Synthesis of K0.25V2O5 hierarchical microspheres as a high-rate and long-cycle cathode for lithium metal batteries

Abstract Hierarchical potassium vanadate (K 0.25 V 2 O 5 ) microspheres are synthesized via a facile hydrothermal reaction followed by annealing process. The K 0.25 V 2 O 5 microspheres with an average diameter of ∼1–2 μm, are composed of interconnected nanosheets, exhibiting the hierarchical structures.
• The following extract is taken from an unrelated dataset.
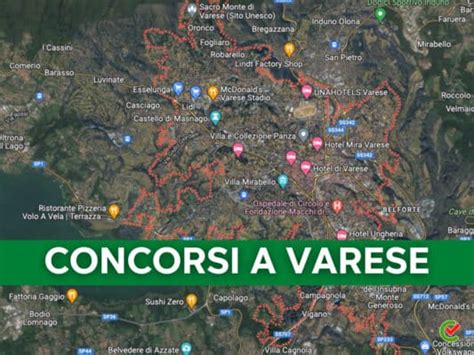 Concorsi Varese L Elenco Dei Concorsi Non Scaduti Nella Provincia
This novel architecture exhibits excellent lithium storage performance, including a discharge specific capacity of 249 mA h g −1 at the current density of 100 mA g −1 , good cyclic stability up to 500 cycles and a satisfactory rate capacity of 161.2 mA h g −1 at 1.5 A g −1 . The good performance of K 0.25 V 2 O 5 microspheres may be ascribed to the hierarchical spherical morphology and its stable structure. Importantly, a quantitative analysis method was first used to calculate the contribution of capacitive charge storage for potassium vanadates. The dominant capacitive charge storage mechanism enables the high rate capability of K 0.25 V 2 O 5 microspheres. However, the volumetric energy density of this material is tiny (897 Wh/L), which limits the practical application.